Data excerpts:
• • • • • • •

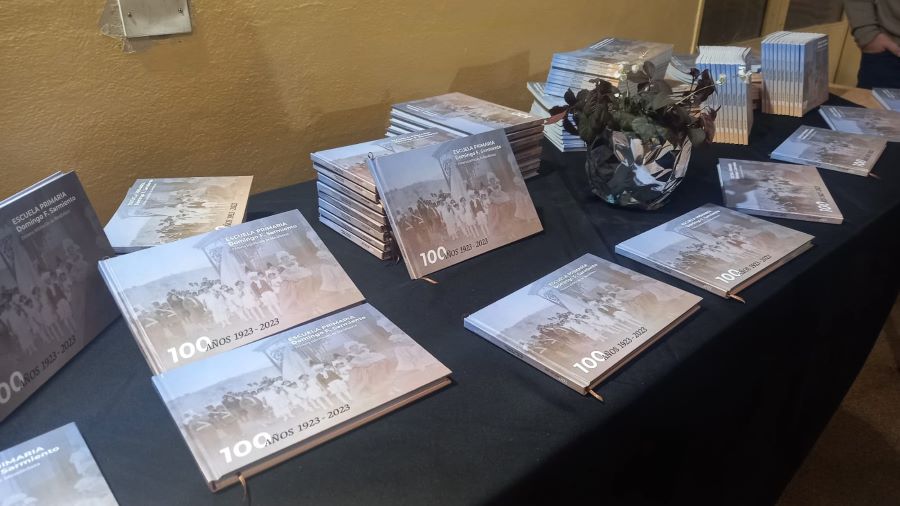 Presentaron el libro sobre escuela de Mendiolaza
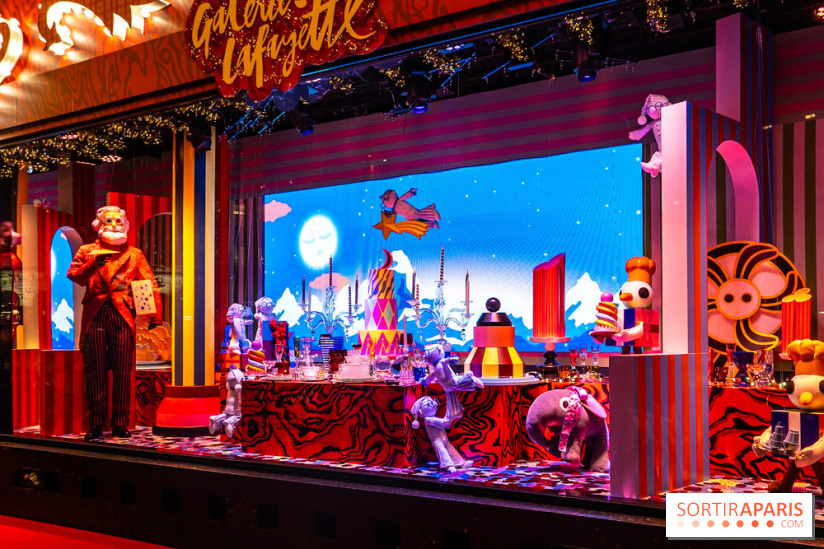 Vitrines et sapin de Noël des Galeries Lafayettes avec Clara Luciani - photos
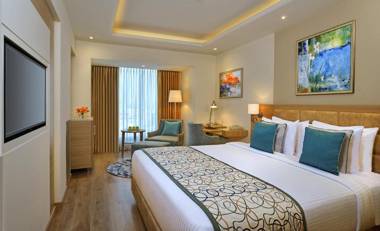Golden Sarovar Portico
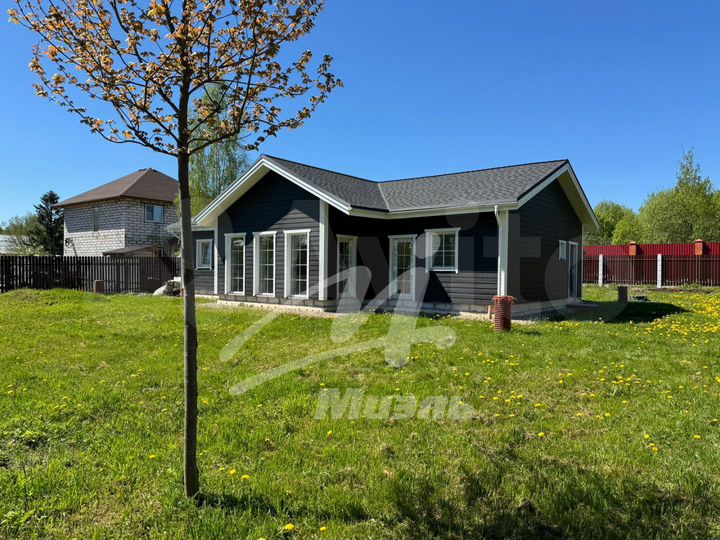 Дом 140 м² на участке 9 сот.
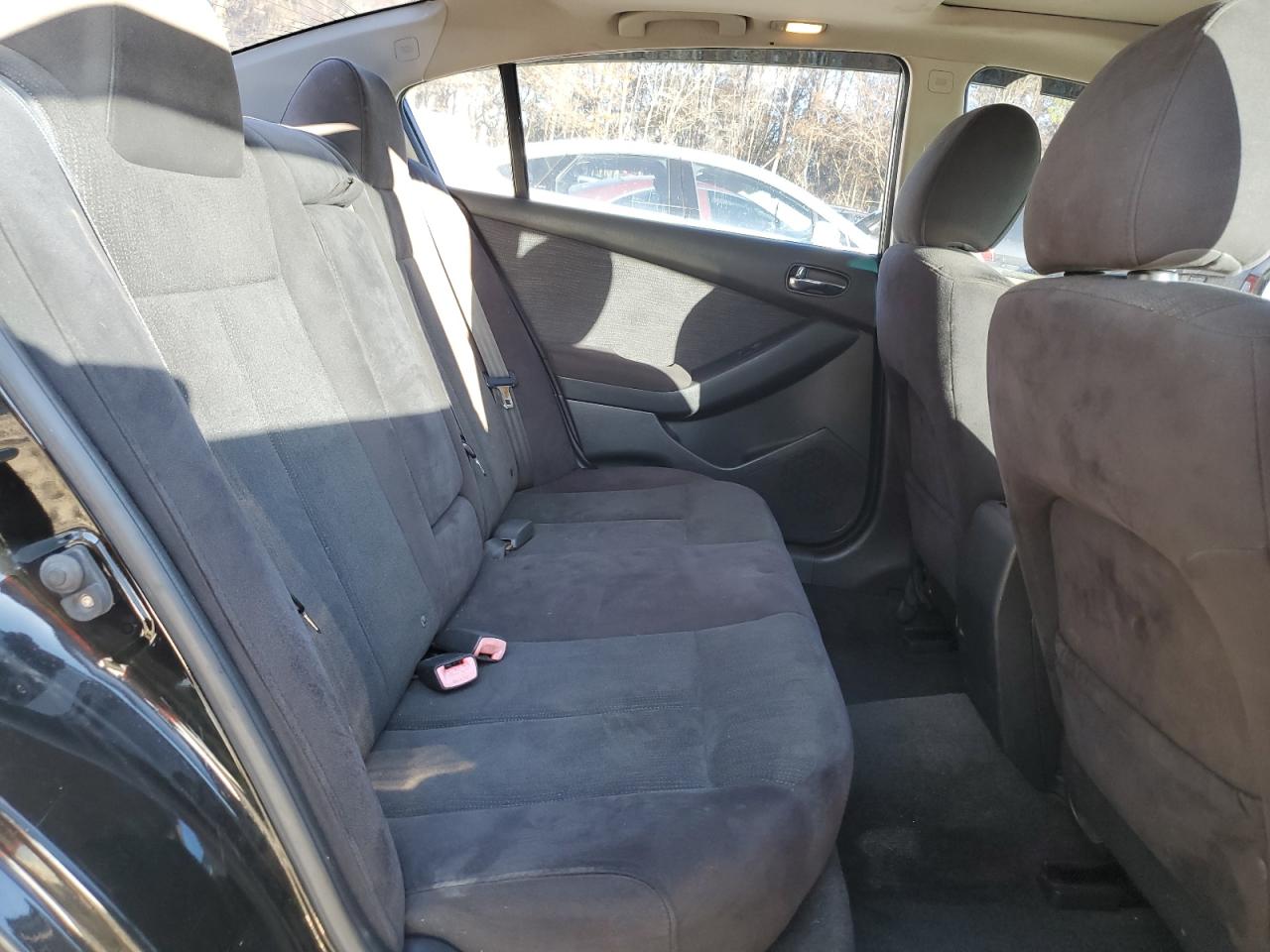 2011 Nissan Altima - Image 10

• • • • • • •

### REQUIRED ACTION
All of the data above must be printed exactly, minus its pictures.

### SOLUTION FOR THIS TASK
 Presentaron el libro sobre escuela de Mendiolaza
 Vitrines et sapin de Noël des Galeries Lafayettes avec Clara Luciani - photos
Golden Sarovar Portico
 Дом 140 м² на участке 9 сот.
 2011 Nissan Altima - Image 10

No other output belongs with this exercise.